Spark Media Solutions proudly announces a new member of our team, Drew Combs (@CombsDrew), our legal reporter who recently covered the Bay Area Legal Marketing Association (LMA) event on Generational Marketing. Here is Drew’s report and his interviews with the presenters and the attendees on their reactions.

Marketing campaigns that reflect generational differences are staples of many industries, but the legal industry isn’t one of them. This needs to change, according to two law firm marketing executives. Jonathan Fitzgarrald and Heather Morse, who head up marketing at Greenberg Glusker and Barger & Wolen, respectively, contend that law firms could benefit from embracing generationally-tailored marketing campaigns.

On March 20, 2014, the duo previewed their Legal Marketing Association’s Annual Conference presentation, “Generational Marketing: Strategies and Tactics for Engagement with Boomers, Gen Xers and Millennials,” to members of LMA’s Bay Area Chapter.

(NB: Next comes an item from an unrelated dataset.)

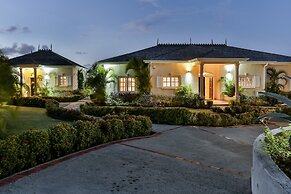 Cayman Villa - Contemporary 3 bedroom Villa with Stunning Ocean Views 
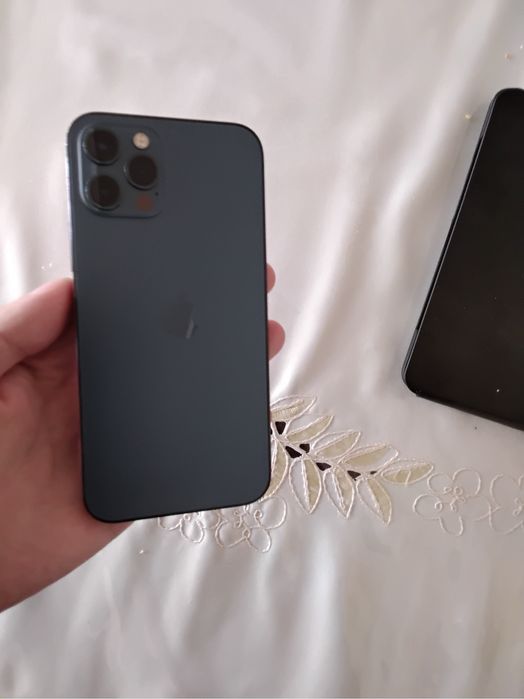 Iphone 12 pro sotiladi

Fitzgarrald and Morse began by segmenting the current American workforce into three generational cohorts: Boomers, Gen Xers, and Millennials. Roughly speaking birth years serve as an easy way to characterize these generational groups, but Fitzgarrald and Morse assert that there are outliers and each person’s own life experiences and affinities are most important in determining their cohort.

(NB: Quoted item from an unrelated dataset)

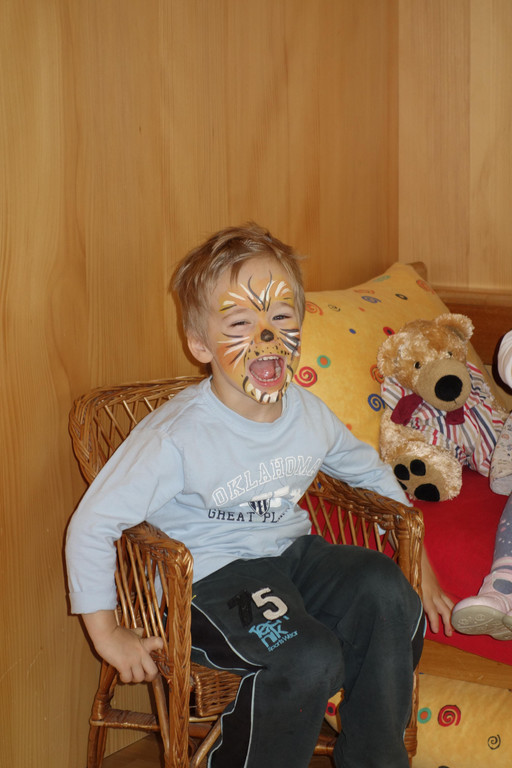 Fasching in der Spielgruppe _14_.JPG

While determining a generation’s beginning and ending date might be open to interpretation, that’s where the ambiguity ends. During the presentation, Fitzgarrald and Morse lay out salient and consequential differences between the generational cohorts. For example, Baby Boomers tend to be individualistic, while Gen Xers tend to be more collaborative. Other generation-defining markers, such as suburbs for Baby Boomers and MTV for Gen Xers, make it more challenging for persons of different generations to make a quick connection during a networking event or pitch session.

According to Fitzgarrald and Morse, these inter-generational miscues are especially problematic for law firms because, while Baby Boomers dominate leaderships positions at law firms (only three AmLaw 100 managing partners are Gen Xers), the generational leadership change in corporate America (law firms’ clients) is in full swing.

To fix this problem, Fitzgarrald and Morse contend that law firms have to recognize that generational cohorts are valid categories and should be viewed somewhat similarly to other ways in which they might define their workforce. For example, when doling out leadership roles and putting together clients teams, law firms should value generational diversity.

Additionally, Fitzgarrald and Morse argue that there will be other benefits to firms that recognize and respect generational differences. Foremost, they will be able to more astutely respond to Gen Xers and Millennials in their own workforce, thereby making the firm most attractive as a workplace. At some point Baby Boomers will have to turn over their practices, and it’s in their interest that the Gen Xers and Millennials there that will take over those practices are bright, engaged, and committed to the firm.